Since Egypt launched its first broadcasts in 1960, state-run channels have held a monopoly on terrestrial broadcast.[2] The Ministry of Information strictly regulated private satellite channels as well.[2] The Egyptian Radio and Television Union, a government entity, owns all 17 terrestrial channels. Channel 1 and Channel 2 are the network’s main channels and broadcast across Egypt. The state-owned Nile TV is the main foreign language channel, aims at promoting Egypt's state point of view and promote tourism. There are 6 regional terrestrial channels, which used to all be broadcast to Greater Cairo, but as of 2007, only Greater Cairo channel (Channel 3) of the regional channels is broadcast to Greater Cairo. Most terrestrial channels were in fact satellite channels owned by ERTU, but simulcasted to Greater Cairo, since 2007.

The state's 23 channels are reported to have, as of 2012, "a small and dwindling viewership".[1]

The Muslim Brotherhood has its own satellite channel, known as Misr 25.[1]

There are also many private satellite stations. As of 2002, there used to be only two, Al-Mehwar and Dream, though the government has a financial stake in both channels.[1] Since the 2011 revolution, more channels have launched, including Capital Broadcast Center and Al Nahar, which have managed to attract significant viewership. Rotana launched Rotana Misriya, a channel broadcasting programs aimed at the Egyptian market.[1]

Subscription television penetration is low, estimated to be 9% in 2011, which is contained of OSN and Arab Radio and Television Network. OSN was formed in 2009 by merging Orbit and Showtime Arabia. All of which are not owned by Egyptian companies, but by Persian Gulf companies.

In the 1990s, there used to be an Egyptian company called CNE (Cable Network of Egypt) which provided a few foreign pay TV stations broadcast terrestrially over the air (CNN International, MTV Europe with one show made for Arab League viewers, and other defunct channels), but needed a special receiver and a card.

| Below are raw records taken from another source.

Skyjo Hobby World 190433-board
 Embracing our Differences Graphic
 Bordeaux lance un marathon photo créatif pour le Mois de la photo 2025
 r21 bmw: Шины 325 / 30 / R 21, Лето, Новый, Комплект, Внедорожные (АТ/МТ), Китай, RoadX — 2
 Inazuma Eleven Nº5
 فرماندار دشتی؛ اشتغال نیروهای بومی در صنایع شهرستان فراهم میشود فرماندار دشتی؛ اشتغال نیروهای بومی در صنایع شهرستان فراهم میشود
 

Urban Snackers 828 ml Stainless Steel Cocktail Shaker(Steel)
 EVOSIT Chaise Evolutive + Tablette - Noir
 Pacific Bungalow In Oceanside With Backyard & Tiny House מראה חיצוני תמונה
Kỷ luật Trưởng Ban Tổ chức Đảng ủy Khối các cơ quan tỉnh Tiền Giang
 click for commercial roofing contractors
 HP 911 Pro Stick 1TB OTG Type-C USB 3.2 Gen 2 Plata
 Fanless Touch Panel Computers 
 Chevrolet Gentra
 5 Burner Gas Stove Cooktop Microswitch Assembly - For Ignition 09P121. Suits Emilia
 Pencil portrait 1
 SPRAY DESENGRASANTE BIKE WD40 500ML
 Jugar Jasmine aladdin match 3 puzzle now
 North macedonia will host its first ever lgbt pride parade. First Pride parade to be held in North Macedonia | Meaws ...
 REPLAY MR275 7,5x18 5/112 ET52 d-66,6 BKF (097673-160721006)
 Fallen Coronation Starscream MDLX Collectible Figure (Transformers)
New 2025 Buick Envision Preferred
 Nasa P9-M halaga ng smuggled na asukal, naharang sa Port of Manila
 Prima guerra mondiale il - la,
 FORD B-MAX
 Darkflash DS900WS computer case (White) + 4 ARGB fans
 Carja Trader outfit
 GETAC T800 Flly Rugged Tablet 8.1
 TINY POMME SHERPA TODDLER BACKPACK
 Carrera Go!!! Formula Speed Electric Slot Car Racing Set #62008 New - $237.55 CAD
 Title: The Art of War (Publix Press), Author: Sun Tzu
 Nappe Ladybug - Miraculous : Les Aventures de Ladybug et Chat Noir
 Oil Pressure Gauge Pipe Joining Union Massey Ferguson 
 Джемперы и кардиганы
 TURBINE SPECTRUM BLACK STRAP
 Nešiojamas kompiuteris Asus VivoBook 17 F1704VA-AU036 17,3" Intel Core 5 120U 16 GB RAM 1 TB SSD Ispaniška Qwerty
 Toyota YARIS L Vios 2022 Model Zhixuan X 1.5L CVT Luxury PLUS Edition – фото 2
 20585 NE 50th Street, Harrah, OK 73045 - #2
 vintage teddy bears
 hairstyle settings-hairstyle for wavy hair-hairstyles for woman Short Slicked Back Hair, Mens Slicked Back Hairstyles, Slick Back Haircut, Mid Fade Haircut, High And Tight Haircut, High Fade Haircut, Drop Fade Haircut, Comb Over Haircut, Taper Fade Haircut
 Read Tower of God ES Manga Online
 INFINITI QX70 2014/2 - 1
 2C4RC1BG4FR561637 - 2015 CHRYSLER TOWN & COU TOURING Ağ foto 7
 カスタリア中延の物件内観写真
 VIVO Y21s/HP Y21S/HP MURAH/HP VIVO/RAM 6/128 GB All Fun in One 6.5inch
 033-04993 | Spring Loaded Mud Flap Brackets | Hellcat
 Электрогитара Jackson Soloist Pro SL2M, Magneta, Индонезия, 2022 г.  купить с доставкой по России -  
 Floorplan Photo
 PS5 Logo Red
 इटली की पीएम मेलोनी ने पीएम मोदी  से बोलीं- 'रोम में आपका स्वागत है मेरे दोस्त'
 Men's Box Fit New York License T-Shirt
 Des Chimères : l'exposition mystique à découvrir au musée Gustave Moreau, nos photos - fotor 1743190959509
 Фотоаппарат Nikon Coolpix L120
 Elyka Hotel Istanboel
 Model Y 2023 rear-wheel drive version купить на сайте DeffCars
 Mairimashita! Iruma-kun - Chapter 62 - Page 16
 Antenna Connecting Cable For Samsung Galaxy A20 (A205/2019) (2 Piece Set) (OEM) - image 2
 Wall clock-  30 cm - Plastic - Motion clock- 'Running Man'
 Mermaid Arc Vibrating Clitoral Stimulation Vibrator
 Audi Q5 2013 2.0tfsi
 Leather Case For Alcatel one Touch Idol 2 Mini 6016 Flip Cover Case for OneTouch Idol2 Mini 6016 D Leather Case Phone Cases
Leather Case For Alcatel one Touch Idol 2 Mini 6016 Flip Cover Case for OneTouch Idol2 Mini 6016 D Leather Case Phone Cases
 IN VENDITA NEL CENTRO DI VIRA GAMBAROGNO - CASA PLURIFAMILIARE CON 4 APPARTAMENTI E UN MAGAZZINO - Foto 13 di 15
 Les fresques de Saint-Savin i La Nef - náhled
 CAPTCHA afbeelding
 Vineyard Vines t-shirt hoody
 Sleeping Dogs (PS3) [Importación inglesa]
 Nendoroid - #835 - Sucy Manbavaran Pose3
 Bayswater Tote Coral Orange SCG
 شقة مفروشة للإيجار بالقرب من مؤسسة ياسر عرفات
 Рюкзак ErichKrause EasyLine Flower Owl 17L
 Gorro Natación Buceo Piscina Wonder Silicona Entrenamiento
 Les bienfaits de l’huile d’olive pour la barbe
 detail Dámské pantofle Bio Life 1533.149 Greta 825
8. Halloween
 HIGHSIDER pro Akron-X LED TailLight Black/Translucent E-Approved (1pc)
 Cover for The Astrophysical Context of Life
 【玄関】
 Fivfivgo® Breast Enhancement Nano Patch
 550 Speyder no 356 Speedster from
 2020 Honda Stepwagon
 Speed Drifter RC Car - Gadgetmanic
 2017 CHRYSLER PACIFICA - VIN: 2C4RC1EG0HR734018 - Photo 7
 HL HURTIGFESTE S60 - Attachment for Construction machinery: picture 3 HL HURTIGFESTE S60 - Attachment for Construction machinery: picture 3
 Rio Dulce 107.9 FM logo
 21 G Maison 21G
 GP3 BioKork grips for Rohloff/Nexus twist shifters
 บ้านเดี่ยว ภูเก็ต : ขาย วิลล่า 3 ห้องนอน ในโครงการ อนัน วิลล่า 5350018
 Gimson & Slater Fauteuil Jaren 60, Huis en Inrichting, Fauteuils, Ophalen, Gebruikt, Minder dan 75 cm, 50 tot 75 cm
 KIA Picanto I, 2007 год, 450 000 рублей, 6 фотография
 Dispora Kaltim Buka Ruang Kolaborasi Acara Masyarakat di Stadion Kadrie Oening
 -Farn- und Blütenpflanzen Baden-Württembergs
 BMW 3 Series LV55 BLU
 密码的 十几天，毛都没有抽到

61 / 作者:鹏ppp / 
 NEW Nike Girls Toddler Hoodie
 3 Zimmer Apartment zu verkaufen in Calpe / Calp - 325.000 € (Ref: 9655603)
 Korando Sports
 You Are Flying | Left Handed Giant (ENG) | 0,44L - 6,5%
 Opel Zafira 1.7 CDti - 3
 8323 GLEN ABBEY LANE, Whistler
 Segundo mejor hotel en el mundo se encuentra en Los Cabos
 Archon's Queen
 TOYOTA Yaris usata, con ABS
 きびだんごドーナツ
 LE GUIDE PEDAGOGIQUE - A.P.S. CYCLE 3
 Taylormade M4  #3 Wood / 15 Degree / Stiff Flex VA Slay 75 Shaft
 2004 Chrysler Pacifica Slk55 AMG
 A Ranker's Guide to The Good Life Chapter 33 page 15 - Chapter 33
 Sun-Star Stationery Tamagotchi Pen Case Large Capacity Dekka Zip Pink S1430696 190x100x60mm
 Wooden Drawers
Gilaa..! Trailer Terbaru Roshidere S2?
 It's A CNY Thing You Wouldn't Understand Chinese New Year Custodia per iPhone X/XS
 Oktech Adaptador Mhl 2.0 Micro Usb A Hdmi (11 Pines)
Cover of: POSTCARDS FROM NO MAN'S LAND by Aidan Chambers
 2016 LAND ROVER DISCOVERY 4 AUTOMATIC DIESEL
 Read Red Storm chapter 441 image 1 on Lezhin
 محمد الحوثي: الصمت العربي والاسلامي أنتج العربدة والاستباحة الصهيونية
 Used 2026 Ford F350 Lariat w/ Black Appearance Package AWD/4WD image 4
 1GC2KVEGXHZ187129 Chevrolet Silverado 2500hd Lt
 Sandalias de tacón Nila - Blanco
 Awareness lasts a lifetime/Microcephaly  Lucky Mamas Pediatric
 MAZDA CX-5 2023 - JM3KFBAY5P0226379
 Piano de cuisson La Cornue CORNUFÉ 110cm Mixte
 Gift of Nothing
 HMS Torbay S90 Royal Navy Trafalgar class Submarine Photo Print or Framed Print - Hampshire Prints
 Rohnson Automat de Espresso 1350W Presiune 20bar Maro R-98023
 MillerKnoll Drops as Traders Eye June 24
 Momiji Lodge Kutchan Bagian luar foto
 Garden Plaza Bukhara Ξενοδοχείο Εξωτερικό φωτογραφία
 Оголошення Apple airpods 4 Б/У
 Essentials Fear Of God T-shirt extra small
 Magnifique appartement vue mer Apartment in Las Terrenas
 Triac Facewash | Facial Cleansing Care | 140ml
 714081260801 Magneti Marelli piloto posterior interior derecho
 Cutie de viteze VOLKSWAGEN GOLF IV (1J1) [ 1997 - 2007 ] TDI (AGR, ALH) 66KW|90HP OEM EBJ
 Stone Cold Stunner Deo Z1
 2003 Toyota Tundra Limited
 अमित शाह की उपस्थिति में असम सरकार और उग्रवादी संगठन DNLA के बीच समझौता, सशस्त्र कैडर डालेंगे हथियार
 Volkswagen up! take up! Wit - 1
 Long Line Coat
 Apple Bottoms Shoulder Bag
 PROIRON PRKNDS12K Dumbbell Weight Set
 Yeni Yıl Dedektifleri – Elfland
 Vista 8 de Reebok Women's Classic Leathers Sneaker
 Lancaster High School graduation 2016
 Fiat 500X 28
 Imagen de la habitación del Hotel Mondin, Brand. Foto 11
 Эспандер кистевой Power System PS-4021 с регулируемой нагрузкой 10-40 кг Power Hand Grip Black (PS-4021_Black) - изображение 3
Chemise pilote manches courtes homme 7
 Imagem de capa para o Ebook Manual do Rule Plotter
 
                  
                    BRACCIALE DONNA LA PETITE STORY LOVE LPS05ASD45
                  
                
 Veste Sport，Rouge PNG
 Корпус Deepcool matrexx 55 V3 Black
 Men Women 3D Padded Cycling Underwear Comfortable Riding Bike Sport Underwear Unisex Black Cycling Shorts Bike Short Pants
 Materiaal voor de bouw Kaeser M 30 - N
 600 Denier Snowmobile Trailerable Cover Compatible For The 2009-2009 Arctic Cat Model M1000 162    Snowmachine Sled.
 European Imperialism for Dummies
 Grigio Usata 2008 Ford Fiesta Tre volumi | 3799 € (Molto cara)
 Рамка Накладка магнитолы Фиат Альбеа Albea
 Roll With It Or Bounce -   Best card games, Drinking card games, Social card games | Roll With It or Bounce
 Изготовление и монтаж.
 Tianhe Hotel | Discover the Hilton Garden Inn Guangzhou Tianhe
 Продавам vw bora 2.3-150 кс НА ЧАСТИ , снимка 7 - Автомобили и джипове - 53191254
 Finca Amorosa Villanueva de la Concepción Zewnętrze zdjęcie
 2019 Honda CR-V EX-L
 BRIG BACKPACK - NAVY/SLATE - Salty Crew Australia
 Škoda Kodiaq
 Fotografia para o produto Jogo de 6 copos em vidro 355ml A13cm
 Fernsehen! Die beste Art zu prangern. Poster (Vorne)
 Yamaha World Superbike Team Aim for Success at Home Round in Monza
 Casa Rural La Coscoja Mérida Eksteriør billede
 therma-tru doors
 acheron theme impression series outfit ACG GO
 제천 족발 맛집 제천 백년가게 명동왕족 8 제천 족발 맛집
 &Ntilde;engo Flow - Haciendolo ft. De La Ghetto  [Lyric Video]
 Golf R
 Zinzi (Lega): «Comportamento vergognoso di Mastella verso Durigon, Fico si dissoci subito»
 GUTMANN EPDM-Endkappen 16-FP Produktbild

The overwhelming number of private satellite stations launched during 2008 till 2012 has changed the Egyptian TV production market drastically, lifting the dominant hand of state-run channels off the market. Over 50 TV series[3] have been broadcast annually during Ramadan[4] – Main TV viewership season. Introduction of dubbed TV shows – from Turkey and India mainly- on Egyptian TV channels made the market more competitive.[5] Egyptian TV productions companies started to adapt in efforts to match the foreign offerings which started to dominate the market.[6] Companies like Egyptian Arts Group, Al Adl Group and many others started doubling their annual production budgets in efforts to match the foreign TV series offerings in terms of quality of production.